Throughout the Bible we find God using the unlikely or the outcast or the rejected. From shepherds to elderly women, from the child sold into slavery to the child left to float down the river, from the prostitute to the wandering prophet, God used them all. From the lawyer to the waitress, from the rancher to the teacher, from the oil field worker to the stay-at-home mom, God wants to use them all.
When we look at Jesus and the men he chose to be his disciples, we see the same concept – a widely ranging group of men. Some simple fishermen, one a despised tax collector. When we look at who Jesus ministered to, we see that concept expanded. Jesus ministered to all who came to him. Jesus met each person with no pretense and no hint of judgment. He met people where they were, loved them and accepted them. Then Jesus most often found a way to move them along in their faith.
The church in general, and many of us as Christians, would do well to better follow Jesus’ example of who to love and minister to. All were His neighbor and all are our neighbor as well. To think or even say that some people do not ‘fit’ in because of race, ethnicity, class, education, and so on is in error. To think or say that someone is too big a ‘sinner’ to be welcome is so far away from right that you can’t event see ‘right’ from there. The church was and is built for the lost and the broken. It is who Jesus loved and who we need to love.
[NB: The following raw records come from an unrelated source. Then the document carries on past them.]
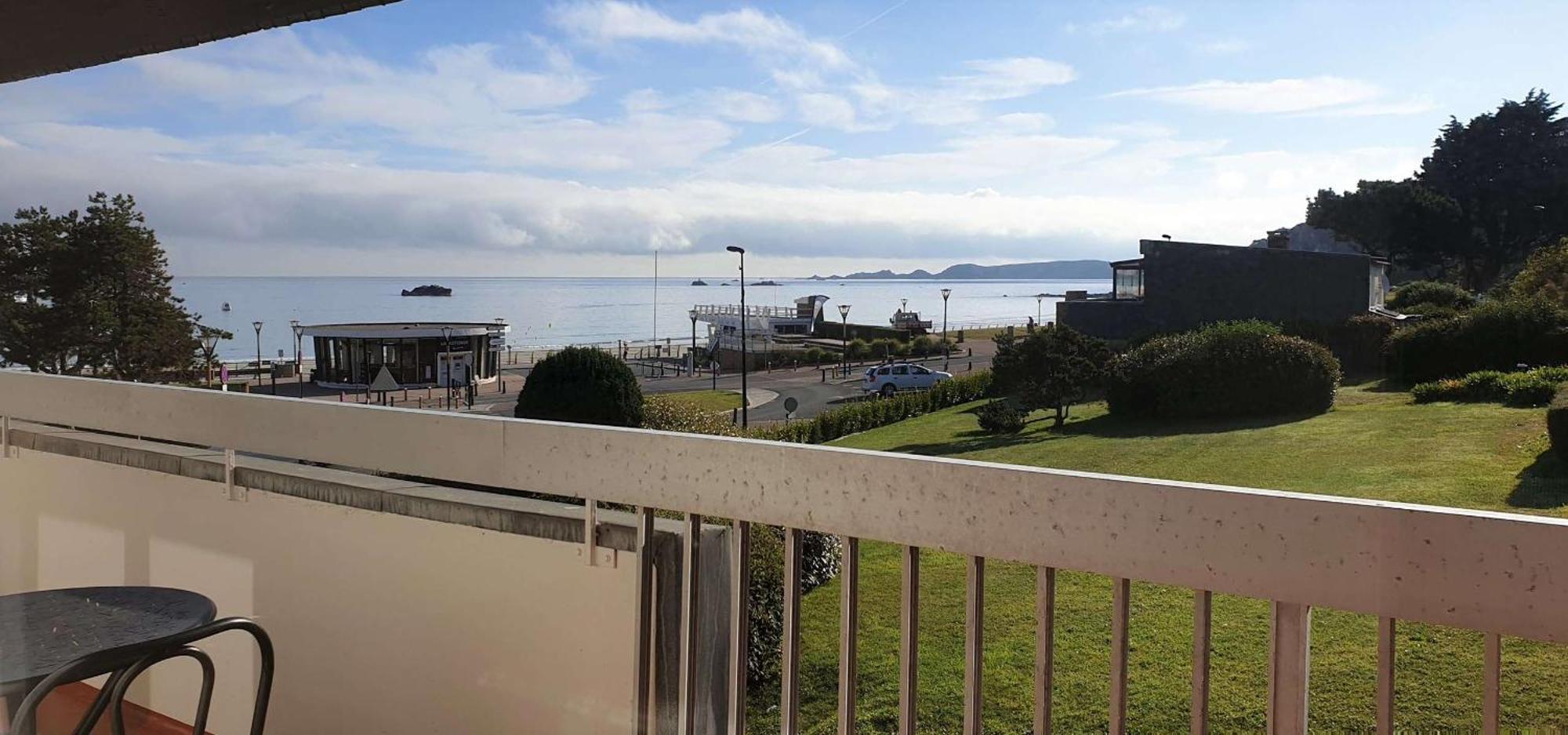 Appartement VUE SUR MER avec terrasse, plage de Trestraou à PERROS-GUIREC - Ref 861 Exterior foto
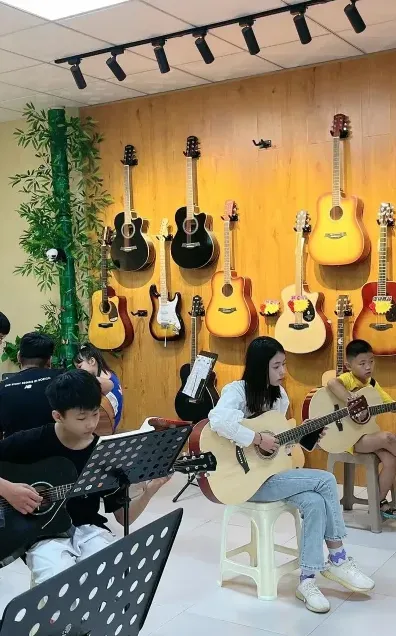 吉他培训班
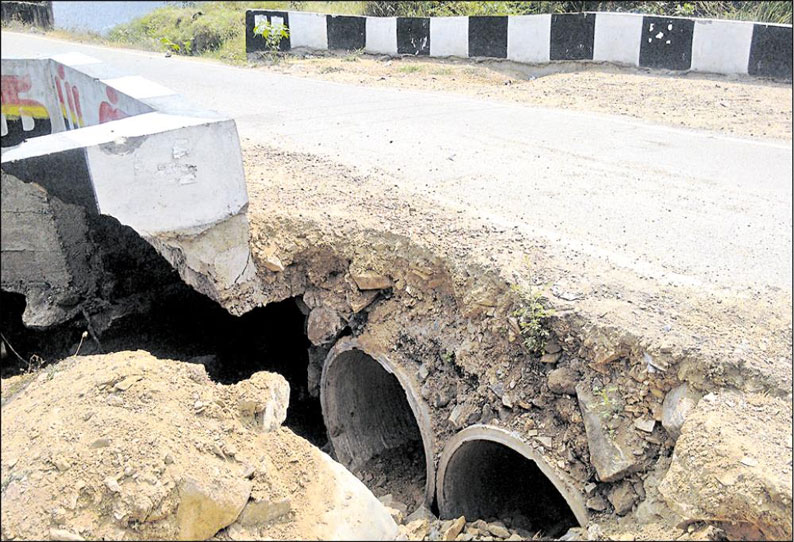 கூடுவாஞ்சேரியில் ஆபத்தான நிலையில் தரைப்பாலம்: பேரூராட்சி நிர்வாகம் நடவடிக்கை எடுக்க கோரிக்கை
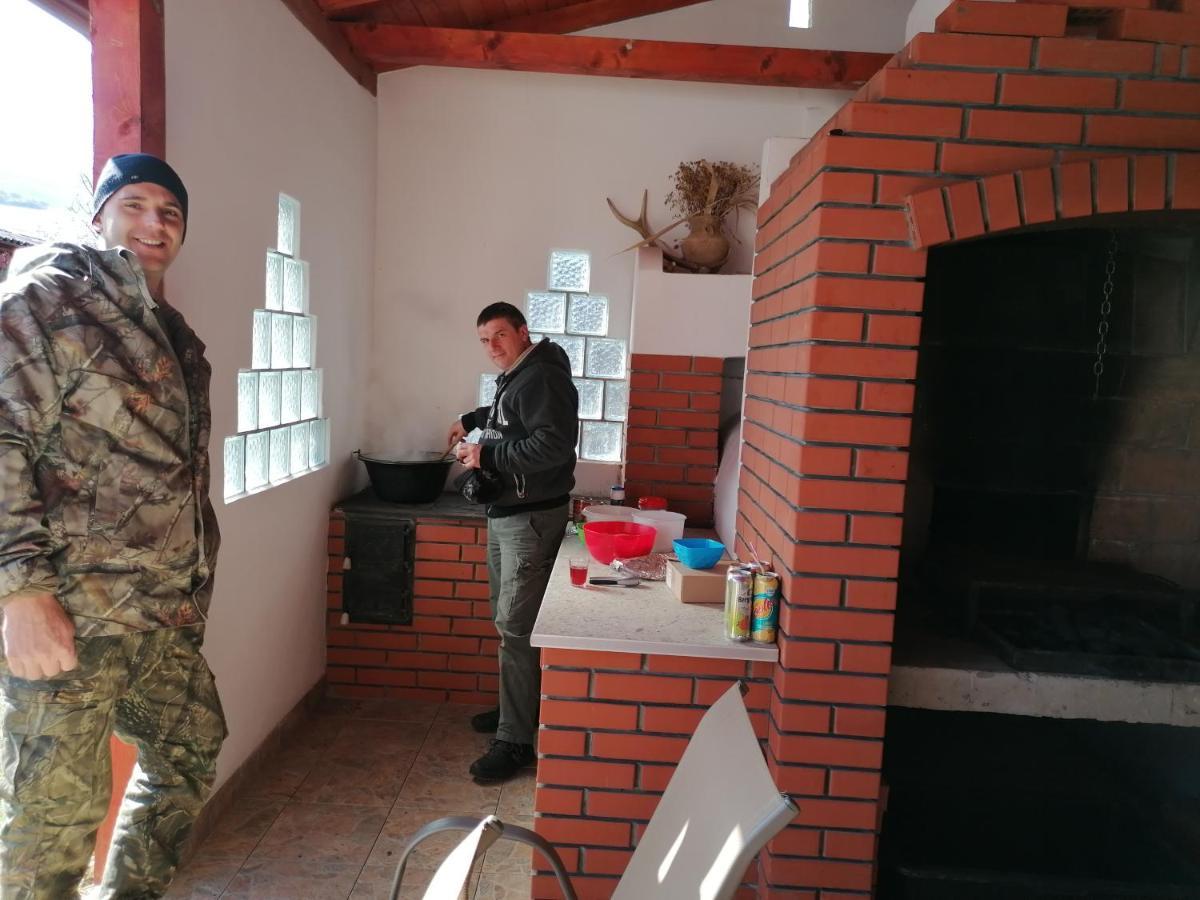 Pensiunea Fabian Vendeghaz Corund  Zewnętrze zdjęcie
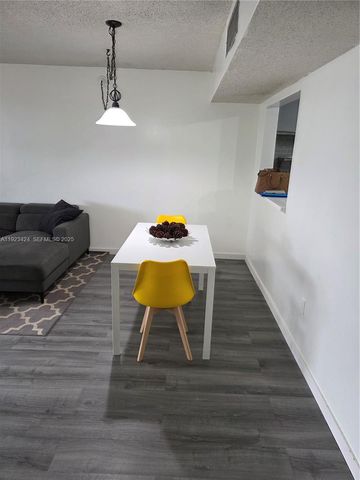 8065 SW 107th Ave 202, Miami, FL 33173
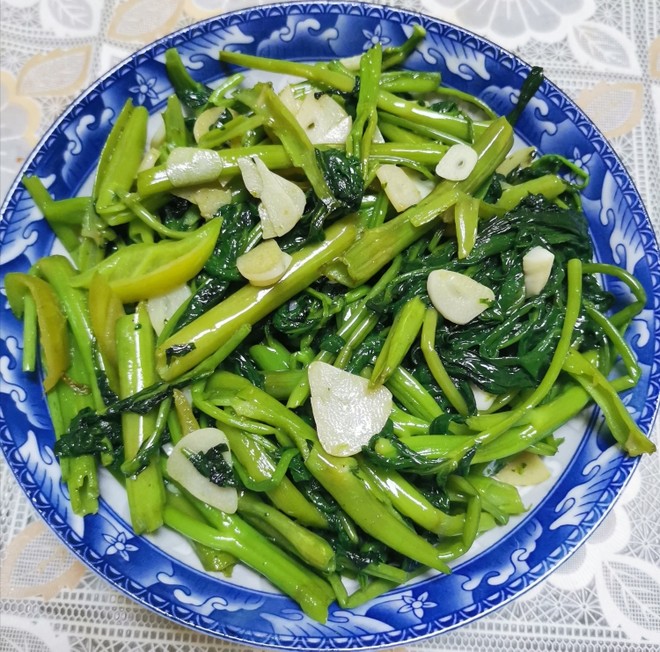 空心菜怎么炒(空心菜怎么炒不黑不变颜色)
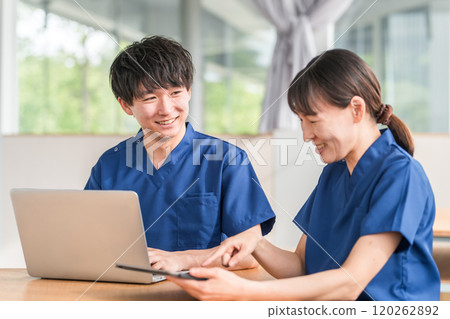 護士、物理治療師、護理人員、醫生和見習醫生中的年輕男女舉行會議和交接。 護士、物理治療師、護理人員、醫生和見習醫生中的年輕男女舉行會議和交接。 120262892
“The stone the builders rejected has become the cornerstone” (Psalm 118). Many years ago the Pharisees missed Jesus standing right there in front of them. Today the church and sometimes we as Christian miss Jesus standing right in the midst of our lives. May we learn to see Jesus and to be like Jesus. May the stench of judgment and the sting or rejection fall away like rain. May the love of Christ and the heart seeking to serve rise up like the morning sun, bringing light, love, and hope to all that it casts its rays upon. May we come to stand on our cornerstone, our rock – Jesus Christ.